提供一种镀锡产品,该产品的接触电阻随时间变差很小、具有优良的耐磨性和低的摩擦系数。形成一种复合材料的镀层作为基材的最外层,该镀层含有0.1-1.0重量%分散于锡层中的碳颗粒,该镀层厚度为1.0-60微米。因此,同类镀锡产品之间的动态摩擦系数小于或等于0.20,而该镀锡产品与通过流回处理的产品之间的动态摩擦系数小于或等于0.20,同时,接触电阻小于或等于1mΩ。

Description

镀锡产品
发明领域
本发明涉及一种镀锡产品。更具体地,本发明涉及一种用作可插入的连接端件等的材料的镀锡产品。
发明背景
使用镀锡产品作为可插入的连接端件的常规材料,其中的锡镀层形成作为导电材料如铜或铜合金的最外层。具体是镀锡产品的接触电阻随时间变差很小,因此可用作在很大环境负荷中使用的汽车等设备的连接端件的材料。
然而,镀锡产品存在的一个问题是不能长期用作可插入的连接端件,因为这种产品是软的,容易磨损。

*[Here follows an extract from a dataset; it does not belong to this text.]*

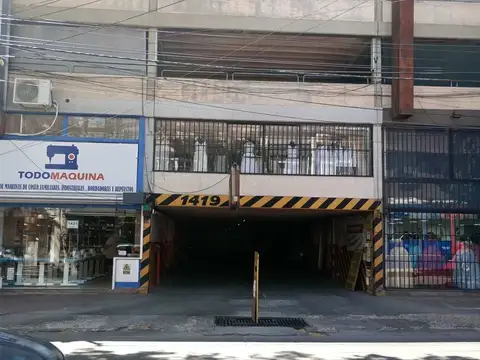 VENTA COCHERA FIJA CALLE RIOJA CIUDAD MZA
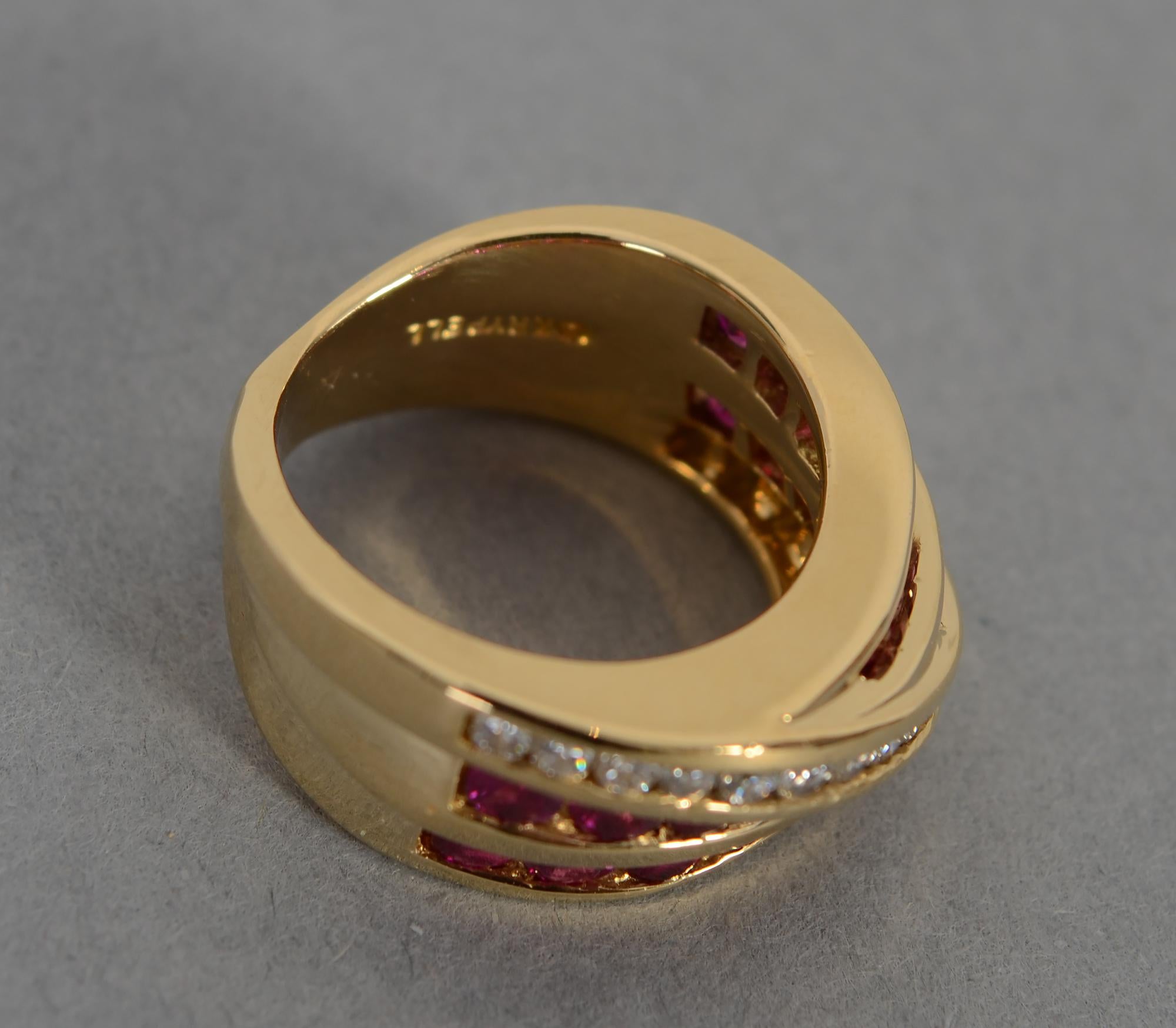 Charles Krypell Ruby and Diamond Gold Ring In Excellent Condition For Sale In Darnestown, MD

为解决这一问题,提出过通过电镀在导电基材上形成一种复合材料的镀层,以提高镀锡产品的耐磨性,该镀层在作为主要组分的含锡金属基质中包含耐磨性或润滑性的固体颗粒(参见如日本专利公报54-45634、53-11131和63-145819),并提出过在连接端件上施加这样的复合镀层(参见,如日本专利未审查公报2001-526734)(PCT/US96/19768翻译文本的国家阶段公报)。还提出在导电基材上形成其中分散有锡或锡/铅和石墨的镀层,形成耐磨性优良的导电镀层(参见如日本专利公报61-227196)。
然而,采用上述方法制造的常规镀锡产品存在的一个问题是,尽管具有优良的耐磨性,但其摩擦系数相对较高。因此,如果使用这样的镀锡产品作为可插入连接端件的材料,会产生施加的插入力增大的问题。
发明概述
本发明的一个目的是解决上述问题并提供一种接触电阻随时间变差很小、具有优良耐磨性和低摩擦系数的镀锡产品。
为达到上述目的和其它目的,本发明人经过深入研究后发现,如果在基材上形成一层含分散在锡层中的碳颗粒的复合材料镀层,镀层厚度为0.5到10.0微米,较好1.0-5.0微米,就能够制造接触电阻随时间变差很小、具有优良耐磨性和低摩擦系数的镀锡产品。结果,本发明人完成了本发明。
本发明第一方面是一种镀锡产品,它包括:基材;在基材上形成的0.5-10.0微米厚,较好1.0-5.0微米厚的复合材料镀层,所述复合材料包含分散在锡层中的碳颗粒。这种镀锡产品中,所述镀层宜形成为镀锡产品的最外层。碳颗粒在镀层中的含量较好为0.1-1.0重量%。
本发明另一方面是连接端件,它包括:凹端件;能与凹端件配合的凸端件,凹端件和凸端件的至少一个的与另一端件接触的至少一部分是由上述镀锡产品制成。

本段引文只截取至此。